_Supplied information_
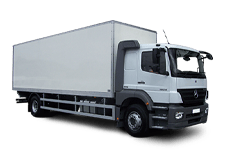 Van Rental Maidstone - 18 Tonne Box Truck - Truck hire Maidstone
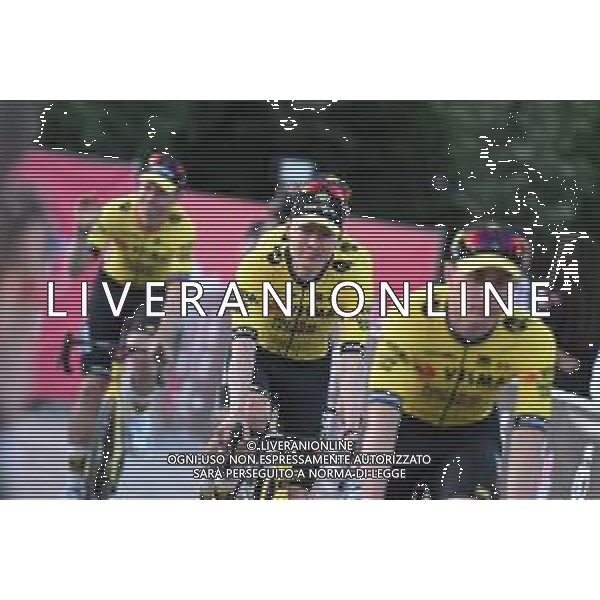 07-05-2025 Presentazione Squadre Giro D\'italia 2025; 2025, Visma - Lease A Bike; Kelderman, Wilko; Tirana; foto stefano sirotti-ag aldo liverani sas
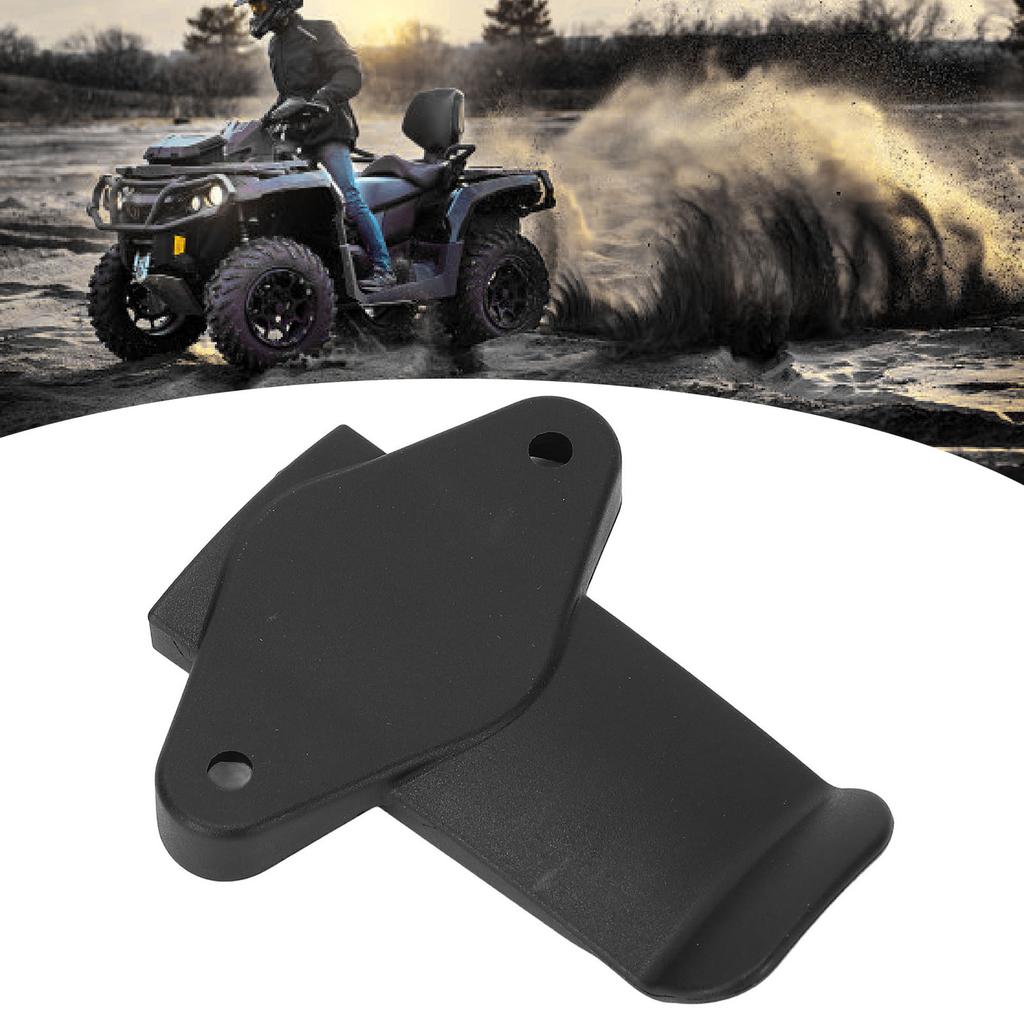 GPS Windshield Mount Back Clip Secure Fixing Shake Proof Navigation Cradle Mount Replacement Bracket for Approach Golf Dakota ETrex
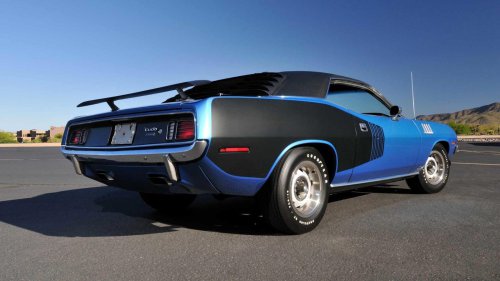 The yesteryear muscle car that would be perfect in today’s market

_Work required_
Return the whole listing word for word, minus its pictures.

_Solution for this problem_
 Van Rental Maidstone - 18 Tonne Box Truck - Truck hire Maidstone
 07-05-2025 Presentazione Squadre Giro D\'italia 2025; 2025, Visma - Lease A Bike; Kelderman, Wilko; Tirana; foto stefano sirotti-ag aldo liverani sas
 GPS Windshield Mount Back Clip Secure Fixing Shake Proof Navigation Cradle Mount Replacement Bracket for Approach Golf Dakota ETrex
 The yesteryear muscle car that would be perfect in today’s market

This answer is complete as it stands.